Here's how this looks in python if we sub in Zach Collins for Enes Kanter:
por = Team(gameid='0041800237', teamid=1610612757)
den = Team(gameid='0041800237', teamid=1610612743)
game = Game(den, por, '0041800237',pbp,box)
game.initRosters()
game.initStarters()
game.hteam.initLineup()
game.ateam.initLineup()
for x in game.ateam.lineup:
print(x.playerid, x.name)
203090 Maurice Harkless
202329 Al-Farouq Aminu
202683 Enes Kanter
203468 CJ McCollum
203081 Damian Lillard
game.ateam.Sub(sub_in=1628380, sub_out=202683, event=1, time=200)
for x in game.ateam.lineup:
print(x.playerid, x.name)
203090 Maurice Harkless
202329 Al-Farouq Aminu
203468 CJ McCollum
203081 Damian Lillard
1628380 Zach Collins
por = Team(gameid='0041800237', teamid=1610612757)
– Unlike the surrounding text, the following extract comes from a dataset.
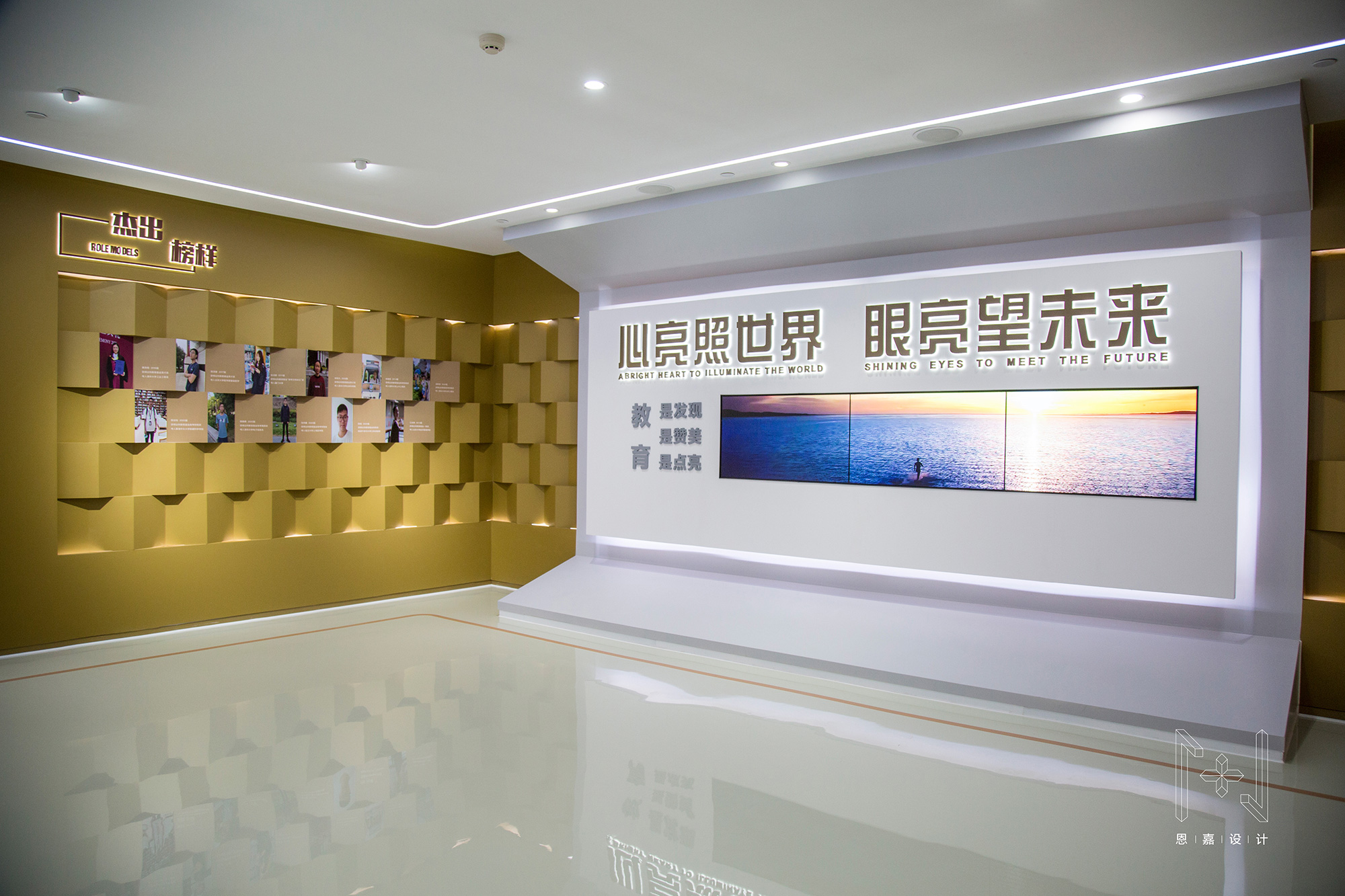 1649667403829482.jpg J_HN0081.jpg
den = Team(gameid='0041800237', teamid=1610612743)
game = Game(den, por, '0041800237',pbp,box)
game.parseGame()
for x in game.ateam.roster:
print(x.name, x.court_time)
Maurice Harkless 1008.0
Al-Farouq Aminu 428.0
Enes Kanter 2379.0
CJ McCollum 2717.0
Damian Lillard 2725.0
Zach Collins 1397.0
Rodney Hood 1211.0
Seth Curry 979.0
Evan Turner 1152.0
Meyers Leonard 404.0
Skal Labissiere 0
Jake Layman 0
Anfernee Simons 0
A quick check of the box score shows that Damian Lillard played 45 minutes and 25 seconds. Our calculated court time within the player class shows that he played -- 2725 seconds or 45 minutes and 25 seconds!
Hopefully you find this methodology useful. I've tinkered with this problem on-and-off for a while now and most of the solutions I tried (e.g. doing this in Pandas) just weren't very robust and had a lot of problems.